DATA =>
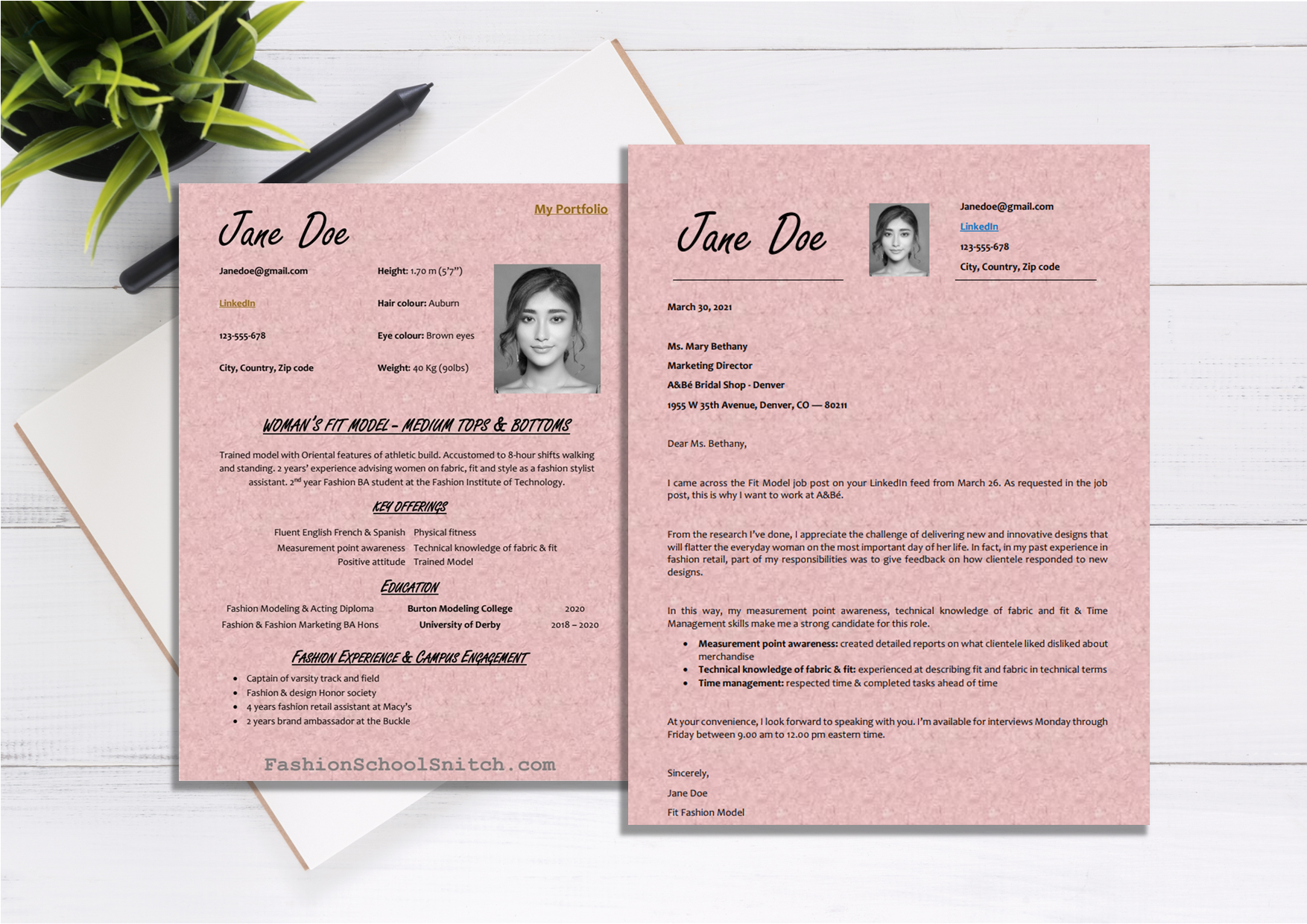 Fashion Model Cover Letter Template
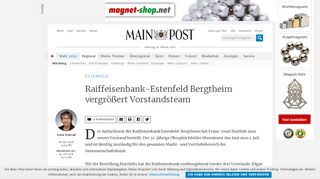
                            11. Raiffeisenbank-Estenfeld Bergtheim vergrößert Vorstandsteam - Main ...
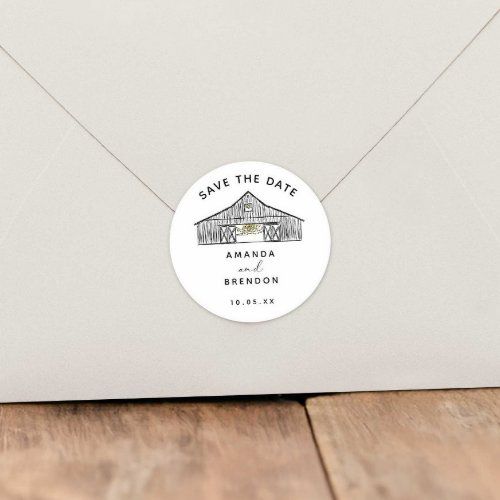 Elegant Barn Wedding Save the Date Classic Round Sticker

ABOUT THIS EXERCISE =>
Without the pictures, transcribe the lines from the one containing "11. Raiffeisenbank-Estenfeld Bergtheim" through the end of the data, exactly and only those.

RESPONSE TO THE TASK =>
                            11. Raiffeisenbank-Estenfeld Bergtheim vergrößert Vorstandsteam - Main ...
 Elegant Barn Wedding Save the Date Classic Round Sticker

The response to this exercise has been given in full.